* Try it *
Please repeat every record exactly, leaving out any pictures.

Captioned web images
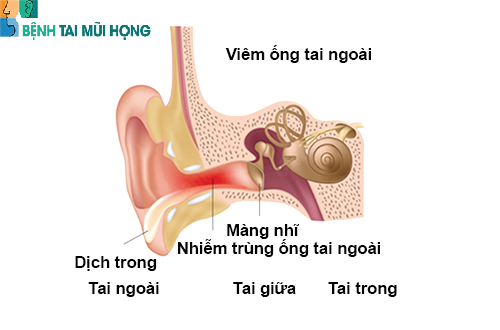 Đau tai phải có thể là triệu chứng của viêm tai ngoài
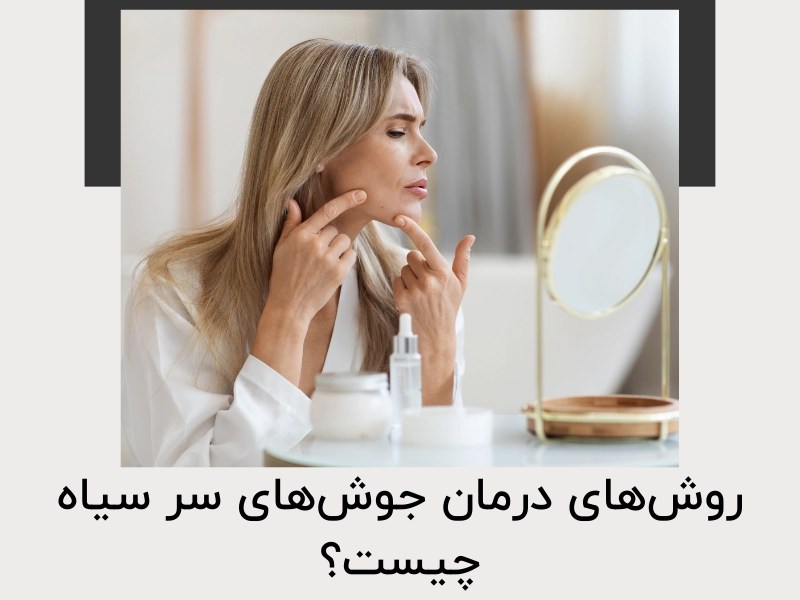 روش‌های درمان جوش‌های سر سیاه چیست؟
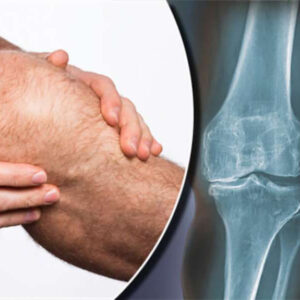 Mos e humbisni – Eshtë kura natyrale për artritin, reumatizmën, dhimbjet në gjunjë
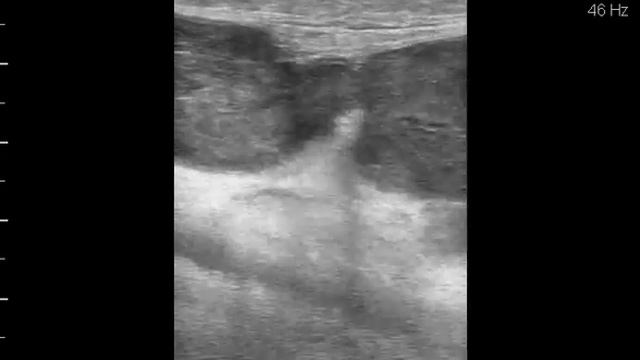 Разрыв кисты Беккера с образованием гематомы (проба с компрессией)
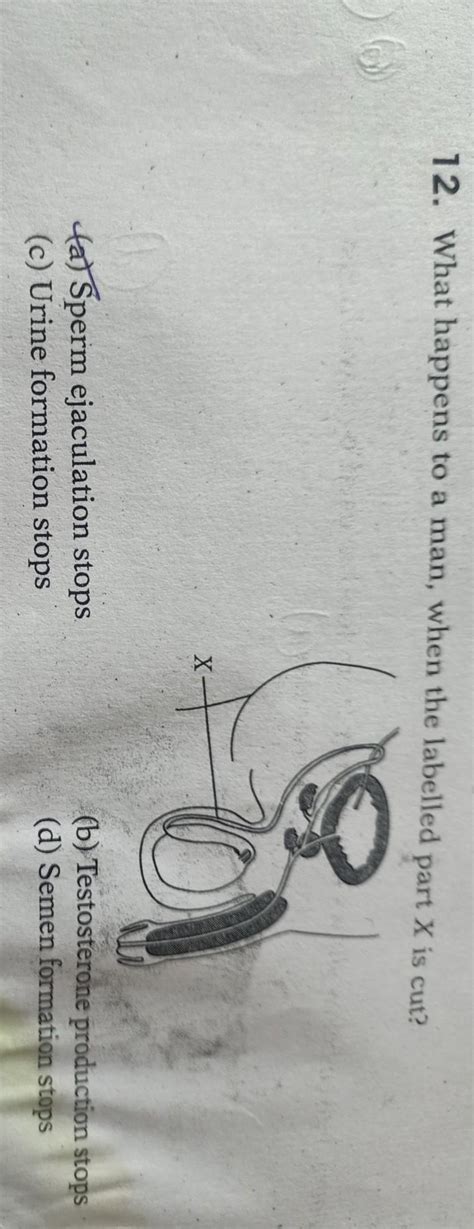what happens to a man when the labelled part x is cut - Brainly.in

* Reply *
 Đau tai phải có thể là triệu chứng của viêm tai ngoài
 روش‌های درمان جوش‌های سر سیاه چیست؟
 Mos e humbisni – Eshtë kura natyrale për artritin, reumatizmën, dhimbjet në gjunjë
 Разрыв кисты Беккера с образованием гематомы (проба с компрессией)
what happens to a man when the labelled part x is cut - Brainly.in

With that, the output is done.